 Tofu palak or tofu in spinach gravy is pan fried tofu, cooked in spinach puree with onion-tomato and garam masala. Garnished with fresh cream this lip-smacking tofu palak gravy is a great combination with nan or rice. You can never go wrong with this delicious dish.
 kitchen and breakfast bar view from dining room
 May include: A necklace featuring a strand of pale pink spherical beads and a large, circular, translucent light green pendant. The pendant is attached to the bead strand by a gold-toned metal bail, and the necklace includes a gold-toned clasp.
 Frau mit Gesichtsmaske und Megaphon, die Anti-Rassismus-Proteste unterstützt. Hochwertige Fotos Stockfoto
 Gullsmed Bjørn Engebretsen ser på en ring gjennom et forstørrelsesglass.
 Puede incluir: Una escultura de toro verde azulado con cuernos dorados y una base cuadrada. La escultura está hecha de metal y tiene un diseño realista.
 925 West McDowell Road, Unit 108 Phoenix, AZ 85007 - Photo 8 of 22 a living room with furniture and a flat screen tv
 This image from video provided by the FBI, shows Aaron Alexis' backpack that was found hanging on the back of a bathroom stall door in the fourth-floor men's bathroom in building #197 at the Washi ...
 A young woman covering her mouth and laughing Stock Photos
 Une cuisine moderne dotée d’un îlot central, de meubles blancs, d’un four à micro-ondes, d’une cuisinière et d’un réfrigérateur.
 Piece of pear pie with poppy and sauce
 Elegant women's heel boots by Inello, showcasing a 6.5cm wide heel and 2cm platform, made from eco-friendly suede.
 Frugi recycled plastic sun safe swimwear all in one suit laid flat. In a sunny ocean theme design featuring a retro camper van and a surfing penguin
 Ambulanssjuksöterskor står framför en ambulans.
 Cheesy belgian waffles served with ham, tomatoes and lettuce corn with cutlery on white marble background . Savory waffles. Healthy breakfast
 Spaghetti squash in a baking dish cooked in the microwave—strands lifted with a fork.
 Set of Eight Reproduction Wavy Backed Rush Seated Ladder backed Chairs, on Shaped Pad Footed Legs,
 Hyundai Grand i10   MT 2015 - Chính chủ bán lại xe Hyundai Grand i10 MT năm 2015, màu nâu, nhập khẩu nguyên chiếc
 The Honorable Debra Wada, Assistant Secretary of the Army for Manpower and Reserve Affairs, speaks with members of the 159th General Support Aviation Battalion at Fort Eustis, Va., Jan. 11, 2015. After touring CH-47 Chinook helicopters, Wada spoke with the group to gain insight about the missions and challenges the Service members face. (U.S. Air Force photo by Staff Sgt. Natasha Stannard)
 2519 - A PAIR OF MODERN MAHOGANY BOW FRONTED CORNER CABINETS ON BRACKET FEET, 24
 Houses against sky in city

▸ **What you have to do**
Give every line of the material that includes the string "flat".

▸ **Response**
 925 West McDowell Road, Unit 108 Phoenix, AZ 85007 - Photo 8 of 22 a living room with furniture and a flat screen tv
 Frugi recycled plastic sun safe swimwear all in one suit laid flat. In a sunny ocean theme design featuring a retro camper van and a surfing penguin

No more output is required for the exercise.